Most likely thing here, based on where and how it's crashing, is some kind of native heap corruption. Either in the app, okhttp or the version of Conscrypt shipping as a Mainline module .

That module is identical across Android 11 through 14, so if you're only seeing crashes on 13 then again it points to heap corruption as the native allocator changed between 12 and 13.

If you can consistently reproduce this, and are willing to share the code, then the best way forward is to open an Android bug at https://issuetracker.google.com/issues/new?component=190923&template=841312 and then we can try and debug it.

This issue is happening both on Android 12 and 13 devices. Does not seem to be related to changes in native heap allocator.
Since this is a segmentation fault, there can be one of the 3 possibilities : The crash could happen while

  • accessing an out-of-bound memory location
  • accessing invalid memory
  • writing to a read-only memory.
  • Do you have any idea if the library is getting into some bad state during a network call?

    Where can we see the conscrypt releases?

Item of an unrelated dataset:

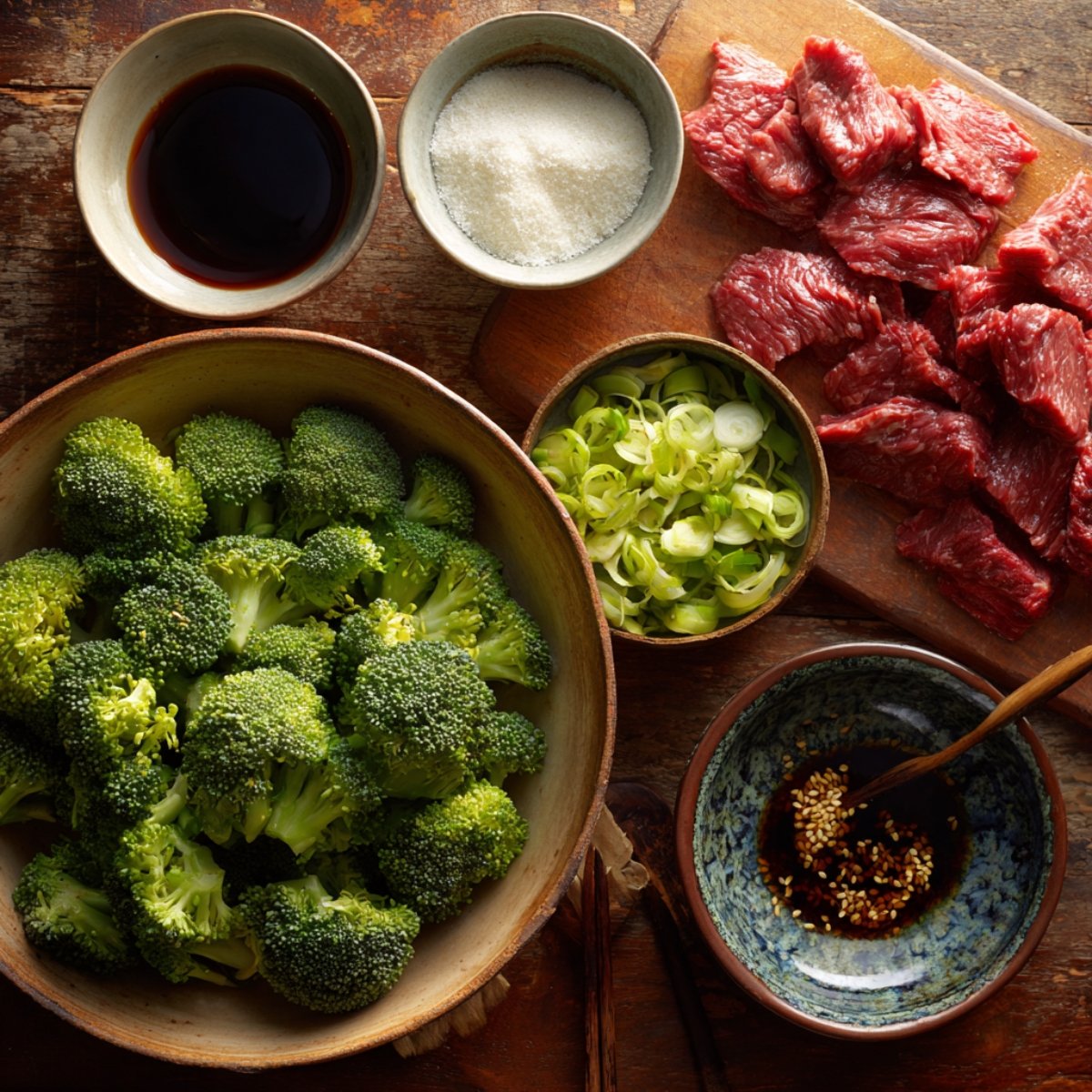 “Fresh broccoli, sliced raw beef, scallions, soy sauce, and seasonings arranged on a rustic wooden table.”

This issue started happening from March 2023. Can we debug this better?

    I am not able to get a repro locally though.

    @prbprbprb

    Since this is a segmentation fault, there can be one of the 3 possibilities : The crash could happen while
    accessing an out-of-bound memory location
    accessing invalid memory

    Right, but the root cause of that could be any kind of heap corruption. bssl::ssl_cert_dup() is following the native pointers in various objects, so if they get corrupted then it can easily be trying to access invalid memory locations.

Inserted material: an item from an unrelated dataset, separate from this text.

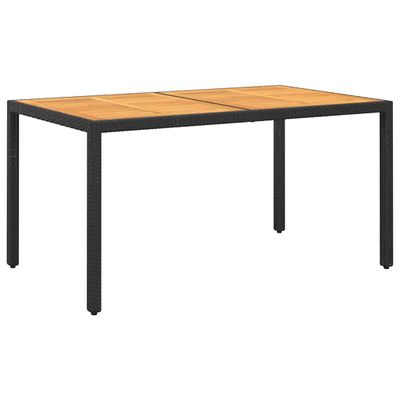 vidaXL Záhradný stôl 150x90x75 cm akáciové drevo a polyratan čierny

    Typically that happens if there is a concurrency bug between threads, or a native pointer gets re-used after its memory has been freed.

    The same platform version of Conscrypt runs on Android 11 through 14, so the fact you're only seeing crashes on 12 and 13 is unexpected.

    The fact that it the issue started in March makes me think some other component is corrupting the heap, as we didn't ship any Conscrypt changes in February or March.

    However the fact it's consistently crashing in SSL_New() makes me think it may be a Conscrypt bug after all.

    Can we debug this better?

    Without any kind of repro steps it's going to be very difficult.

    Thanks for responding.
    Is there any way to change the conscrypt version or upgrade to the latest and ship it?

    Is there any other way we could debug this? Any thoughts?

    There is one change that is specific to Android 13. There was a change in the garbage collection algorithm. Could this be causing it?

    But we also observed huge volumes of this crash in Android 12 as well.

    @prbprbprb
    One new observation is that the total duration of garbage collection - art.gc.gc-time that we fetch from the Debug.getRuntimeStat class is very high just before the crash happens.

    Could this crash be a manifestation of OOMs in native heap?

    Thanks for the update! I believe the userfaultd GC is active on (at least some) Android 12 devices now, so what you're seeing does suggest it's related to low memory conditions and aggressive GCing.

    What's interesting is that ssl_cert_dup() is consistently failing when copying a certificate from an SSLSessionContext object which might be shared across many TLS connections. And what I missed until just now is that AbstractSessionContext manages its own native pointer . The pattern we use everywhere else in Conscrypt it to wrap the pointer in a NativeRef subclass, and then when calling JNI code we pass in the NativeRef object as an Object (as well as the pointer) in order to prevent premature finalization while running in native code. In this case, it's actually the AbstractSessionContext that gets passed in , which ought to be sufficient to keep the context object alive and prevent its finalizer from running. Maybe I'm missing something there though... I shall ask some ART folk.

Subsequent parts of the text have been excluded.